I'm trying to make a function outside main in C++ to search if an element exists inside an array, if so, the function should store the indexes/locations of that element in that array in another array called index.

the problem is, when i try to use the same size for both arrays, the search function tells an error where the size variable must be a constant value, so i tried and this is my code..

#include <iostream>
using namespace std;

int searchForElement(int[], int const, int);

int main()
{
    int array[5];
    for (int i = 0; i < 5; i++)
        array[i] = i * 2;
    
    searchForElement(array, 5, 6);

    return 0;
}

int searchForElement(int a[], int const n, int x) {
    int index[n];
    int ii = 0; //counter for index array
    
    for (int i = 0; i < n; i++) {
        if (a[i] == x){
            index[ii] = i;
            ii++;
        }
    }
    return index[n];
}

Severity Code Description Project File Line Suppression State Error (active) E0028 expression must have a constant value ConsoleApplication1 C:...\repos\ConsoleApplication1\ConsoleApplication1\ConsoleApplication1.cpp 45

how can i make the index array the same size of any given array to this function?

Answer 1

how can i make the index array the same size of any given array to this function?

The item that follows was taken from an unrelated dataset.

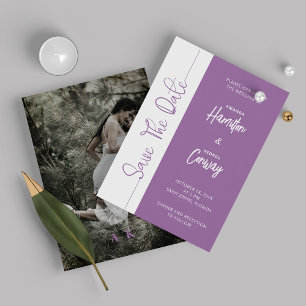 Élégant Faire-Part de Mariage Violet Africain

Option 1: Replace the function with a function template, and make the size of the array a template parameter. Template parameters are compile time constant.

Option 2: Create a dynamic array. The most convenient way is to use std::vector.

Option 3: Don't create the array in searchForElement. The caller knows how large array they need, so you could let them pass it into the function just like they passed the search array.

---

return index[n];

Firstly, the index n would be outside the bounds of the array, so the behaviour of the program will be undefined. Secondly, if your intention is to search for all indices, then returning one of the indices probably isn't what you tried to do.

Answer 2

Don't you want to make your job easier by taking advantage of some modern features?

Check this out ( C++20 required ):

#include <iostream>
#include <vector>
#include <span>


std::vector< std::size_t > searchForElement( const std::span<const int> array, const int key )
{
    std::vector< std::size_t > indices;
    indices.reserve( array.size( ) );
    
    for ( std::size_t idx { }; idx < array.size( ); ++idx )
    {
        if ( array[idx] == key )
        {
            indices.push_back( idx );
        }
    }

    indices.shrink_to_fit( );

    return indices;
}

int main( )
{
    std::array<int, 5> array;

    for ( std::size_t idx { }; idx < std::size( array ); ++idx )
        array[ idx ] = idx * 2;

    std::vector< std::size_t > indices { searchForElement( array, 6 ) };

    std::cout << "The given 'key' was found in indices:\n";

    for ( const auto index : indices )
    {
        std::cout << index << ' ';
    }
}

Summary:

1. Use STL containers like std::array.
2. Return a std::vector containing the indices.
3. Use std::span in place of array pointer + size. That way you can pass it a std::vector, std::array, raw array, etc.